The Palestinians want East Jerusalem as the capital of their future state, while the international community does not recognize Israel's claim to all of the city. Palestinian President Mahmoud Abbas warned on Sunday that any recognition of Jerusalem as the capital of Israel would jeopardize Washington's Middle East peace efforts.
"Any American step related to the recognition of Jerusalem as capital of Israel, or moving the US Embassy to Jerusalem, represents a threat to the future of the peace process and is unacceptable for the Palestinians, Arabs and internationally,'' Abbas told a group of visiting Arab lawmakers from Israel, according to Wafa news agency.
The Arab League also warned on Sunday of "hazardous consequences" if the US recognizes Jerusalem as the capital of Israel. "If implemented, it would mark a change in Washington's historical stance that sees the holy city as an occupied Palestinian city and an integral part of the occupied Palestinian lands," Saeed Abu-Ali, assistant secretary general for the occupied Palestinian and Arab lands, said in an Arab League statement, as quoted by Xinhua.
Also on Sunday, Palestinian Authority Foreign Minister Riyad al-Maliki asked the heads of the Arab League and OIC to host emergency meetings over the expected move by Trump. “Maliki called for holding meetings of the Arab League and the Organization of Islamic Cooperation on the level of permanent representatives to discuss the imminent dangers facing Jerusalem and the holy sites,” Wafa reported.

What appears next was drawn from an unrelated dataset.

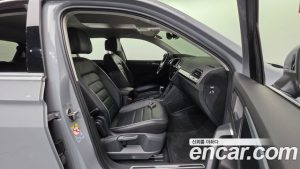 Volkswagen Tiguan 2.0 TDI Premium 2022 года из Южной Кореи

Maliki reportedly urged the meetings during calls with Arab League Secretary-General Ahmad Aboul Gheit and OIC Secretary-General Yousef al-Othaimeen.
Abbas's spokesman, Nabil Abu Rdeneh, said on Saturday that the Palestinian president has been in contact with Arab and world leaders to rally opposition against Trump's expected decision, noting that he had been in touch with Egypt, Jordan, Saudi Arabia, Qatar, Kuwait, and France. “We believe that such an American step, if it takes place, will enter the region in a new course, and a dangerous phase whose results cannot be controlled,” he said.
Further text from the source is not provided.